I agree with @Mehrbod_Estaki that your ability to handle uneven sample sizes depends less on your metric and more on your statistical test (although I often find my test and my metric are related since some metrics are more normal than others.) My rule of thumb tends to be about 10% subgroup. It’s not a great rule of thumb, but its whats worked for me in the past.
…But, if we’re talking about metrics and depth, I like richness metrics. (My preference is observed features, because I tend to work with methods that don’t leave singletons in my data or dont have meaningful singletons.) Ive worked on multiple studies where the issue is richness and the stochastic loss of organisms is the signal. Shannon is definitely more robust to depth issues because it down weights those lower abundance organisms, and tends to saturate pretty quickly. But… because it down-weights those organisms it can make for a smaller effect size. (I published a recent paper where shannon had half the explanatory power of observed features.)

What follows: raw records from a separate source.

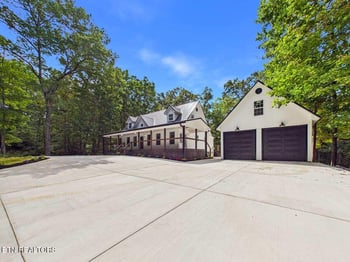 145 Shaw Rd, Tellico Plains, TN 37385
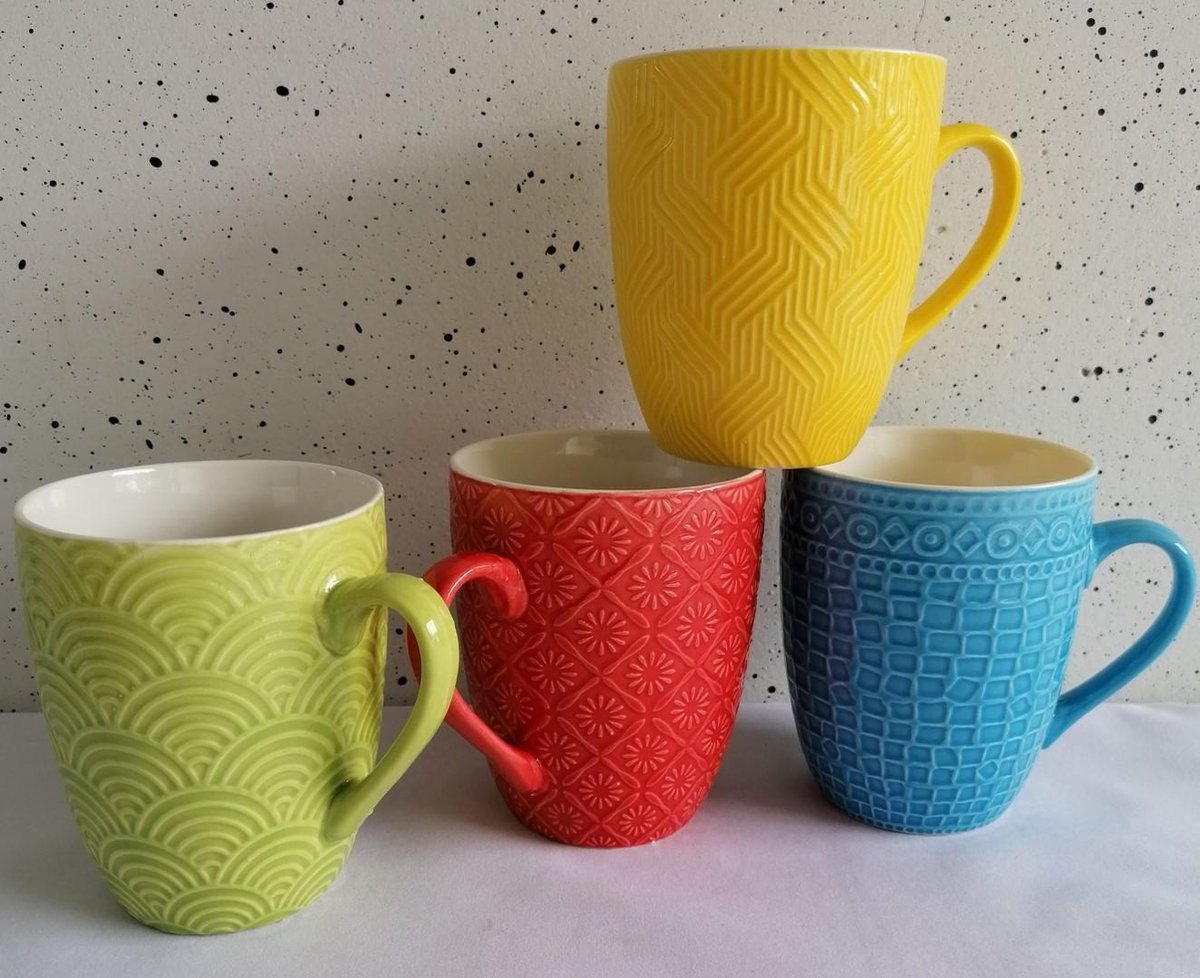 Siaki koffie mok met relief en in felle kleuren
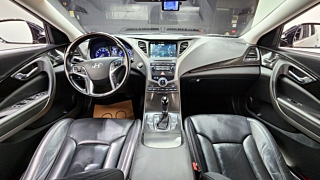 HYUNDAI GRANDEUR HG 2016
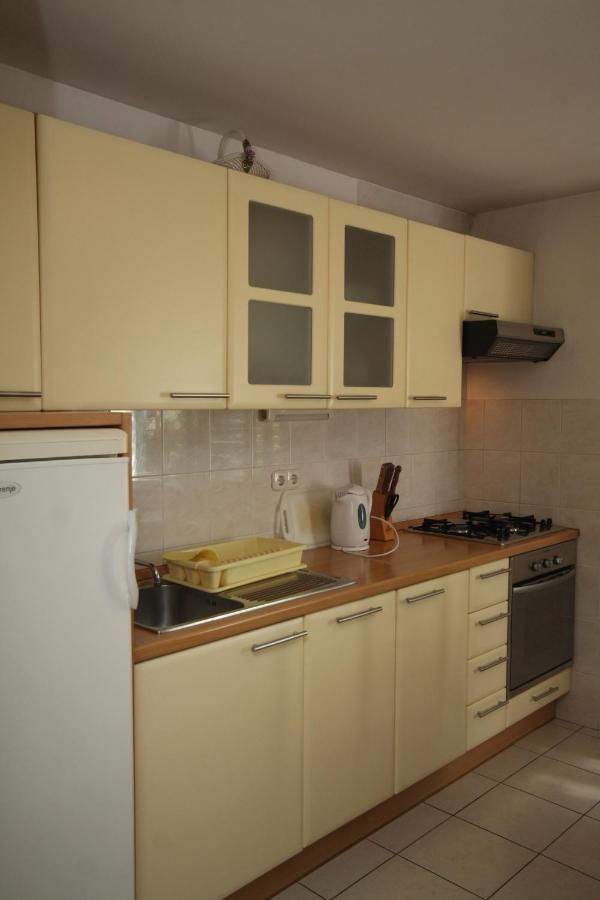 Apartments And Rooms With Parking Space Tucepi, Makarska - 6901 Екстериор снимка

My solution recently has been to use multivariate regression on my richness metrics and adjust for sequencing depth or log sequencing depth. They tend to be normal or close enough to fudge it. (Thanks central limit theorem!) It’s not always perfect, particularly if I have outliers, but it can help decrease some of those depth-related effects without actually requiring me to figure out how to propagate error across multivariate tests. (I took calc and did propagation of error analysis in college, but it’s also not something I want to do again every week.)
As far as literature on sequencing depth and where metrics emphasize, you might look for hill numbers. I dont have a paper off the top of my head, but that sort of more formally addresses what Bod and I are trying to say while waving our hands.